There are a few different types of stones that can form in the kidney or in the bladder, and Basenjis are more likely to develop them than other breeds. We’ll periodically test his urine for telltale signs indicating the presence of kidney and bladder stones, which in addition are very painful! If your buddy has blood in his urine, can’t urinate, or is straining to urinate, it is a medical emergency. Call the Vet immediately!
This is the most common type of kidney stones in basenji breed.

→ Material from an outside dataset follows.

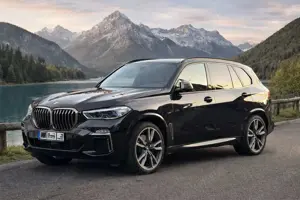 BMW X5 M Traumauto, 400 PS, 760NM, Top Ausstattung, Privat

It is due to a hereditary defect in the kidneys that causes impaired reabsorption of an amino acid called cysteine. This amino acid can form stones if the pH of the urine is low and the urine is concentrated. The condition is most common in male dogs. Bitches can also get cysteine stones but will usually be symptom-free due to tips anatomy (she will usually be able to urinate the stones while in a male dog the stone will get stuck).
Basenji should not be fed with high protein (adult dogs should not have a feed with higher than 25% protein content). Dry food should also be soaked to ensure better fluid uptake.
It is observed that the Acana and Orijen types of food can act as trigger for urine stones formation in dogs that are genetically predisposed to Cystinuria.
We have had a growth of cystinuria (urine stone) on basenji in recent years (this is written in 2018). Unfortunately, testing is difficult. Healthy dogs can produce sick offspring, and the way this is inherited is not concluded. Work is currently underway on a DNA test that will make it easier for breeders. We hope it will be ready soon!
There are three types of seizures in dogs: reactive, secondary, and primary. Reactive seizures are caused by the brain’s reaction to a metabolic problem like low blood sugar, organ failure, or a toxin. Secondary seizures are the result of a brain tumor, stroke, or trauma. If no other cause can be found, the disease is called primary or idiopathic epilepsy. This problem is often an inherited condition, and Basenjis are commonly afflicted. If your friend is prone to seizures, episodes will usually begin between six months and three years of age. An initial diagnostic workup may help find the cause. Lifelong medication is usually necessary to help keep seizures under control with periodic blood testing required to monitor side effects and efficacy. If your dog has a seizure, carefully prevent him from injuring himself.
Umbilical hernia is a very common in Basenji. UH present at birth where abdominal fat or internal organs protrude against the abdominal wall near the umbilicus. If the hernia is small, it can be left without treatment. Basenjis have often small hernias. They are usually spontaneously being closed as they become adult dog.